Тысяча журавлей - страница 38
И это неудивительно, ведь именно песня всегда и везде переживалась как нечто отличное от обыденной речи, особым образом организованное, как слова, прошедшие преображение волей и целью — умыслом либо божества, либо человека. Отсюда и особые свойства, и магические возможности песенных текстов.
Поэтому и составители «Манъёсю», первой антологии японской поэзии, большую часть собранных там «песен», то есть пятистиший вака, снабжают краткими предисловиями или, реже, послесловиями, сообщая, кем и при каких обстоятельствах были созданы эти пятистишия. Возможно, именно эти пояснения «Манъёсю» и стали истоком создания жанра ута-моногатари, «рассказов о песнях». Происхождение песни — «самой первой из живущих в мире песен», как это называется в ранних японских поэтических трактатах, — в любой культуре оказывается не менее важным, чем происхождение огня, земледелия или древнего ритуала. Разумеется, в «Манъёсю» эти «самые первые» песни не представлены, и вообще там собраны не только фольклорные песни, — в «чистом виде» фольклора, собственно, там не так много, к тому же многие литературные идеи и жанры, которые мы видим в этой антологии, пришли в Японию из Китая. Но не забудем, что и авторские стихи «Манъёсю», и более сложные, изысканно лирические пятистишия представляемых здесь повестей — явления ранней литературной истории. Стало быть, они относятся к периоду ее динамического становления, а в этот период многое из прежней долитературной эпохи еще живо напоминает о себе. К числу таких следов недавнего мифологического прошлого можно отнести и повышенную ценность песни, которая, выйдя из сферы ритуалов и заклинаний, пройдя китайскую литературную школу, собственно, и становится литературой как таковой, — пока еще не отстояли себя чисто прозаические жанры (последние, оговоримся сразу, также обладают сложной организацией — впрочем, не столь замечаемой на ранних этапах культурной истории).
Умение слагать пятистишия танка во времена Хэйан, во-первых, свидетельствовало о принадлежности автора к определенному элитному кругу, то есть удостоверяло его социальный статус. Во-вторых, пятистишия были средством общения в условиях, когда все другие способы общения оказывались под запретом, — например, если человек хотел заговорить с незнакомой ему женщиной, то есть поэзия была особой формой коммуникации, особым языком для особых случаев. В-третьих, деятельность по сложению пятистиший оказывалась определенным социальным ритуалом, правила которого известны всем участникам; и именно в этой сфере стихотворного ритуала удачное или неудачное сочинительство могло повлиять на самые существенные стороны человеческого бытия — это был шанс изменить немилость правителя на быстрое продвижение по службе (или наоборот), здесь оказывались возможными самые разные биографические сдвиги, намечались повороты в любовных и супружеских отношениях.
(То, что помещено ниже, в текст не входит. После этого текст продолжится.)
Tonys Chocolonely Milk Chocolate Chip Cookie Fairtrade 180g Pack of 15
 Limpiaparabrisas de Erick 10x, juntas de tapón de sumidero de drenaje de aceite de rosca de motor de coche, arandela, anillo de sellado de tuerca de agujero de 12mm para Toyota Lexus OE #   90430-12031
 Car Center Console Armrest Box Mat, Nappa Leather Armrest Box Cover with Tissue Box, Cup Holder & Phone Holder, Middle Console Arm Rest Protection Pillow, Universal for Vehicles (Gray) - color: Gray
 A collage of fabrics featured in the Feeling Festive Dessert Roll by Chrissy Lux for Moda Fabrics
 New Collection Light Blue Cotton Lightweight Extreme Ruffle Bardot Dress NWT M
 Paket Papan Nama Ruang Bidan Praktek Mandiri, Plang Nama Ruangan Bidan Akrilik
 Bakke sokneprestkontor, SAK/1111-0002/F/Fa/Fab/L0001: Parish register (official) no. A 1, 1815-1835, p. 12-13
Из вышесказанного очевидно, что и литературному стихотворению во многом приписывались магические свойства, словно древнему заклинанию. В этой свят интересно обратить внимание на то, когда именно аристократы Хэйанского двора считали нужным и уместным сложить пятистишие. Оказывается, и в мифологических сводах, и в повестях жанра ута-моногатари ситуации эти одни и те же — знакомство, сватовство, предстоящее дальнее путешествие, уход из жизни, опознание человека и пр., то есть, можно сказать, обстоятельства исполнения обрядовой песни переходят в сферу литературного сюжетосложения.
Отсюда понятно, что умение складывать пятистишия в культуре раннего Хэйана было не просто еще одним украшением воспитанной девицы или еще одной доблестью придворного кавалера. В «Исэ моногатари» и «Ямато моногатари» мы прочтем истории о том, как одна придворная дама, услышав адресованную ей танка, ушла в монахини, а другая, наоборот, постриглась оттого, что наутро после проведенной вместе ночи придворный, ее новый возлюбленный, не послал ей положенного стихотворного приветствия. Или, например, краткую повесть о том, как одна женщина, сложив глубокое и многосмысленное стихотворение, с его помощью вернула мужа, ушедшего к другой.